This is a message from one recovering people-pleaser to another.
If you do not understand that opening sentence, you can skip reading this.
If it immediately grabs you, then meditate with me today—-
Always seeking others’ approval was the way I lived until the addiction blasted my life into a gigantic shipwreck during my late twenties and early thirties.
Then God used the disaster to teach me all about my unworthiness and His grace—mercy and forgiveness wrapped in unconditional love.
I continue to be amazed and so thankful at the way God takes even our most terrible choices and decisions and builds new things from the broken lumber of our wrecked ships.
And yet—this is one addiction that still tries to lure me back into slavery. You who are also approval addicts know. You know that it’s a subtle thing. Even when you think you are standing guard, when you say you’ve learned your lesson, when you know that you don’t want to cave in to manipulation—even then, you feel that old call that says, Choose this, and your friend will be happy. Or, Live this way, and you’ll be respected and admired, or Do this, and he will love you more.

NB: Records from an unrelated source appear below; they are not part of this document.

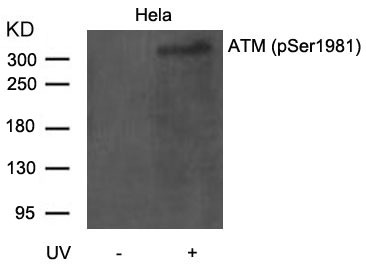 Anti-Phospho-ATM (Ser1981) Polyclonal Antibody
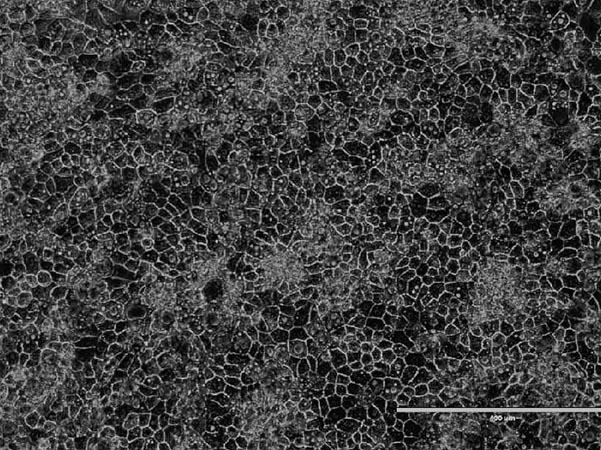 DefiniGEN_Hepatocyte_WT_cell_morphology_P7PTZoO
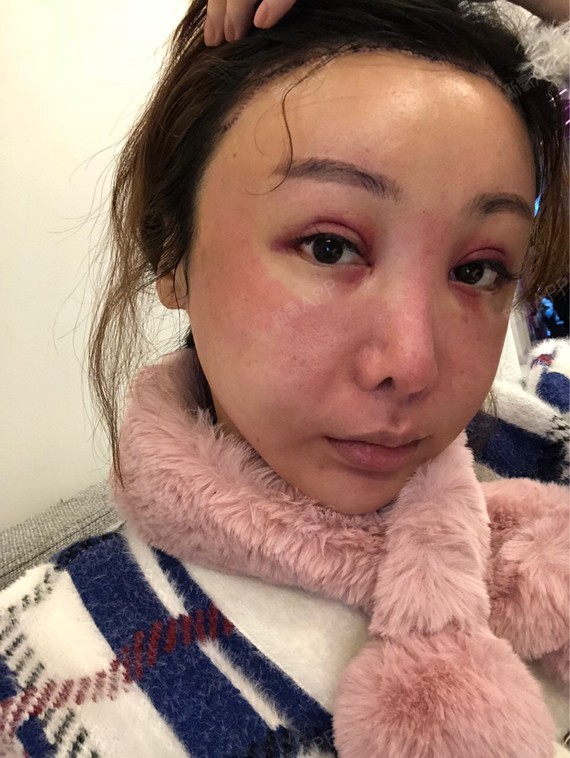 术后第二天:我去做了一个飞梭激光,脸红红的,好可怕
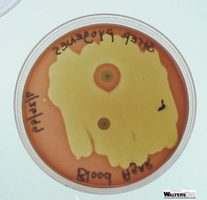 Blood agar plate with bacitracin and optochin disks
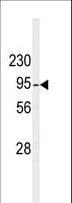 DGKB / DGK Beta Antibody (aa773-804)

Those sneaky, snaky tentacles of desire for approval still rise up within me, and it’s all too easy to succumb to their power.

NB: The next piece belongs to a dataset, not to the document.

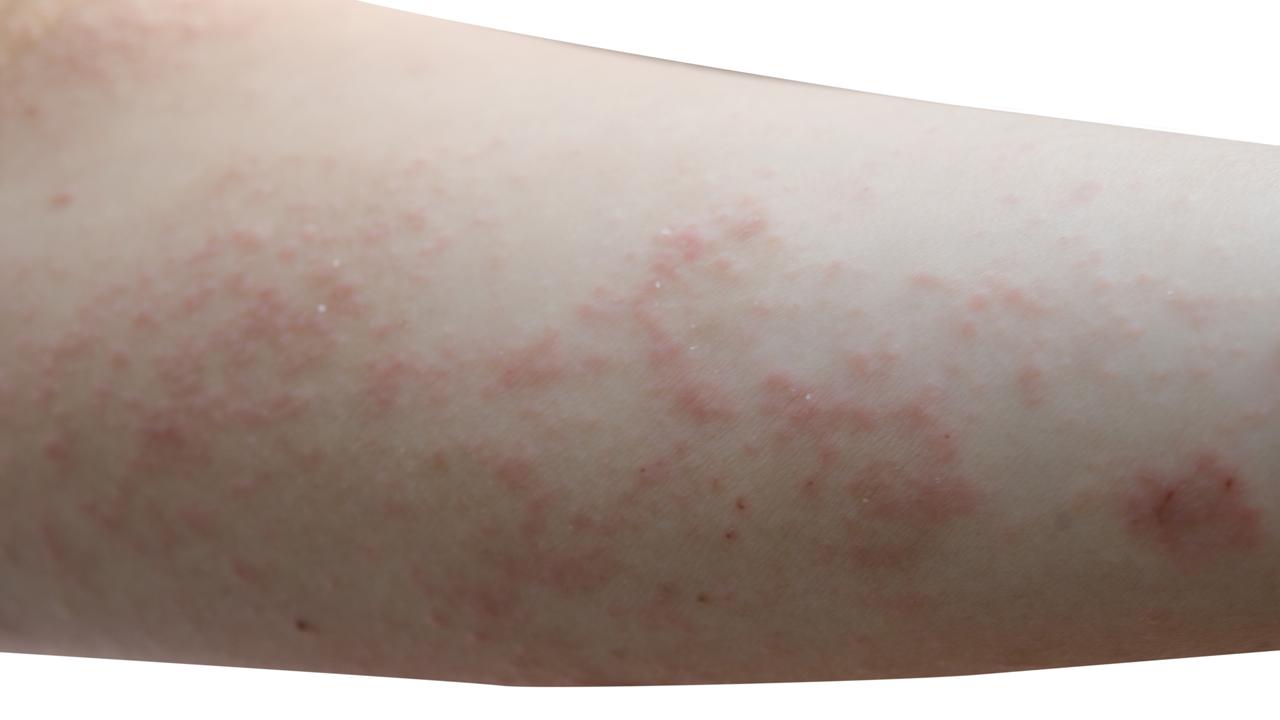 Scabies Rash On Arms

But today a verse came to me that cut through the power of that desire and made my choices very clear. Paul is writing to the Galatians, and he makes this point: It’s a matter of who we want to serve.

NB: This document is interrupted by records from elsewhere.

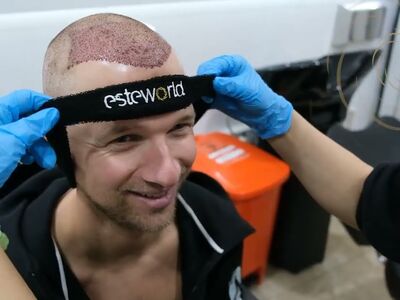 Teus, open en vertrouwelijke haartransplantatie intake in Nederland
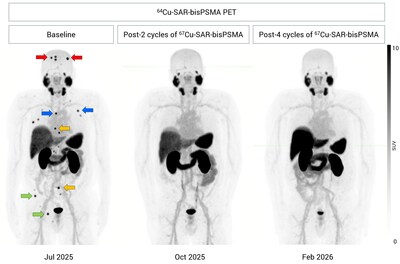 Figure 2. Lesion uptake of 64Cu-SAR-bisPSMA PET at baseline (left), following two cycles of 67Cu-SAR-bisPSMA (8 GBq each; centre) and following four cycles of 67Cu-SAR-bisPSMA (right). Coloured arrows indicate metastatic bone lesions within each region: red – skull; blue – ribs and sternum; orange – spine; green – pelvis. No detectable disease was observed on the post-treatment PET. Images are shown as maximum intensity projections. SUV: standardised uptake value. Figure 2. Lesion uptake of 64Cu-SAR-bisPSMA PET at baseline (left), following two cycles of 67Cu-SAR-bisPSMA (8 GBq each; centre) and following four cycles of 67Cu-SAR-bisPSMA (right). Coloured arrows indicate metastatic bone lesions within each region: red – skull; blue – ribs and sternum; orange – spine; green – pelvis. No detectable disease was observed on the post-treatment PET. Images are shown as maximum intensity projections. SUV: standardised uptake value.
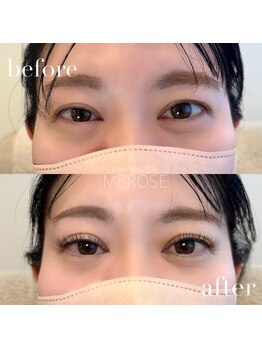 メローズ(Merose)/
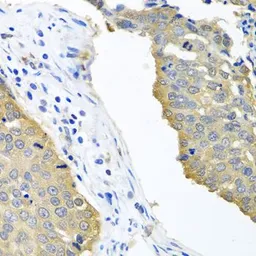 Anti-eIF4E antibody used in IHC (Paraffin sections) (IHC-P). GTX32580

Obviously, I’m not trying to win the approval of people, but of God. If pleasing people were my goal, I would not be Christ’s servant (Galatians 1:10).
There you have it, plain and simple. We each have to make a choice: Who do you want to be? A servant of Christ, or a slave to the approval of others?
Christ says He came to free us. From all kinds of slavery. When we make choices based on our hunger for the approval of other people, we’re still living under the power of that slavery. If we choose to make Jesus our Lord, then those old powers that controlled us must be broken.
I firmly believe—because I’ve experienced it—that Christ can break those powers and addictions. Yes, I still fight old addictions at times. The enemy has not given up trying to derail me. But Jesus is teaching me His freedom, and I want to belong, totally and whole-heartedly and solely to my King.
It is His approval I seek, more than any other.
He set us free and made us heirs of all He is and has. Why would we choose instead to live as slaves ?
Let us prostrate ourselves before Him, our Creator and Lord, and ask Him to rescue us. Let’s pray for each other.